Honoré Daumier (French, 1808–1879),
A Frenchman Portrayed by himself, 1849, lithograph, gift of Mrs. Charles C. Bovey, 1924
Saturday, June 28, 2008Sunday, December 7, 2008
"That fellow has Michelangelo in his bones."
-Honoré de Balzac
It is not exaggeration to say that French caricaturist Honoré Daumier (1808-79) was a master of lithography. His expertise with the medium was matched by his genius for composition, enabling him to pour life into what would have been simple illustrations in less-gifted hands. Daumier’s flair for gesture and facial expression resulted in timeless images that recognize the comedy of everyday life.

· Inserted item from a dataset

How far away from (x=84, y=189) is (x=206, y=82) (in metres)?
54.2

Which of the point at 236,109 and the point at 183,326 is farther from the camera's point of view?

Throughout his forty-year career, Daumier created nearly 4,000 lithographs, first for the political journal La Caricature and later for the daily Parisian periodical Le Charivari. His early political images addressed the inequality and corruption of King Louis-Philippe’s July Monarchy. One drawing landed Daumier in jail for several months, indicative of the government’s repression of political caricature during much of his lifetime. After strict censorship laws were passed in September 1835, the artist shifted from political attack to social satire. His victims were the members of the French middle class, of which he was one. His images poked fun at pompous politicians, pretentious lawyers, picturesque individuals at the community baths, artists and writers in the throes of creativity, as well as urban development and the trials of commuting—all things that vex us to this day!
The Minneapolis Institute of Arts owns more than 3,000 Daumier lithographs. Most came to the museum as a group in 1924, purchased from the collection of the famous French actress Sarah Bernhardt (1844-1923). The works in this exhibition represent a small selection from the MIA’s holdings in the Department of Prints and Drawings.